Construction of the world’s largest project plant for storing green hydrogen in LOHC begins in Germany
The world’s largest plant for storing green hydrogen in liquid organic hydrogen carriers (LOHC) on an industrial scale is being built at CHEMPARK Dormagen. The state of North Rhine-Westphalia is supporting the project with funding of €9 million from the progres.nrw program. The Krefeld-based subsidiary of Hydrogenious LOHC Technologies, LOHC Industrial Solutions NRW GmbH, will take charge of project management and plant operation.
Covestro production site at CHEMPARK Dormagen/Germany ©Covestro Deutschland AG
With its proprietary LOHC technology, the Erlangen-based parent company can contribute the key element and the corresponding scaled plant system. Its investor Covestro Deutschland AG will provide the site area and, in the future, the green hydrogen. The scientific partner is the Jülich Research Center with its Institute for Energy and Climate Research; €2 million of the funding for accompanying scientific studies will go there.
Together with the Dutch co-investor Royal Vopak, a possible expansion of the project and potential establishment of a green hydrogen supply chain between the plant in Dormagen and Rotterdam is also being planned. There, the green hydrogen would be released from the LOHC and used primarily in the mobility and industrial sectors.
As part of our project, we are making the Dormagen CHEMPARK the home of the world’s largest pilot plant for storing green hydrogen in LOHC – we will use our proprietary technology based on the LOHC carrier medium Benzyltoluene for this purpose. With the planned plant capacity, about 1,800 tonnes of hydrogen per year can be stored in LOHC. This is not only a huge step forward in bringing our LOHC technology to industrial scale. At the same time, one of the currently largest supply chains for green hydrogen is being created.—Dr Daniel Teichmann, founder and CEO of Hydrogenious LOHC Technologies
Prof. Dr. Peter Wasserscheid, Director at the Institute for Energy and Climate Research at Forschungszentrum Jülich and Director of the Helmholtz Institute Erlangen-Nuremberg for Renewable Energies (HI ERN) has been a major co-developer of LOHC technology.
The planned plant in Dormagen represents a significant upscaling of hydrogen storage in the form of the LOHC carrier Benzyltoluene and has about twenty times the single-storage capacity of previous plant sizes. In our accompanying research, we’ll concentrate on three aspects in the project: The catalyst behavior in real operation, possible influences of the LOHC or hydrogen quality on the hydrogenation process and on the further development of industrially usable quality assurance procedures for our LOHC system.—Prof.
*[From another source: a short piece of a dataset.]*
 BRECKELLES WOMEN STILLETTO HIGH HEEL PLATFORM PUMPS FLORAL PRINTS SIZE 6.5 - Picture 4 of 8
Dr. Wasserscheid
Hydrogenious’ LOHC technology bonds hydrogen molecules to the organic carrier (dibenzyltoluene) via an exothermic catalytic process. The uptake is 57 kg of H2 per cubic meter LOHC. The LOHC remains is a liquid state across a broad temperature range (-39 to +390 ˚C) and ambient pressure. It is thus transportable using convention fuel infrastructure.
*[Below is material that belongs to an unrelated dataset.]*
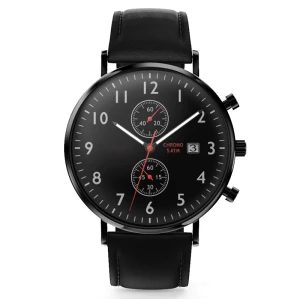 Custom branded shopping online leather chronograph watch fashion quartz man watches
Dehydrogenation—the release of the H2 from the carrier—is an endothermic process with about 11 kWhth/kgH2 required at 300 ˚C.
One focus of the project is to integrate the heat energy released during the LOHC hydrogenation process into the steam network and thus into the site’s energy supply. The overall efficiency of the LOHC cycle can thus be significantly increased. Commissioning of the plant is scheduled for 2023.
Covestro Deutschland AG—a shareholder in Hydrogenious LOHC Technologies since mid-2019—plans to supply the green hydrogen for this purpose. This will be produced at the site in future as an industrial by-product.
In addition to the established cooperation with Covestro Deutschland AG, Royal Vopak, one of the world’s leading companies in the provision of infrastructure for the chemical and energy industries and as well an investor in Hydrogenious LOHC Technologies, has also announced its support.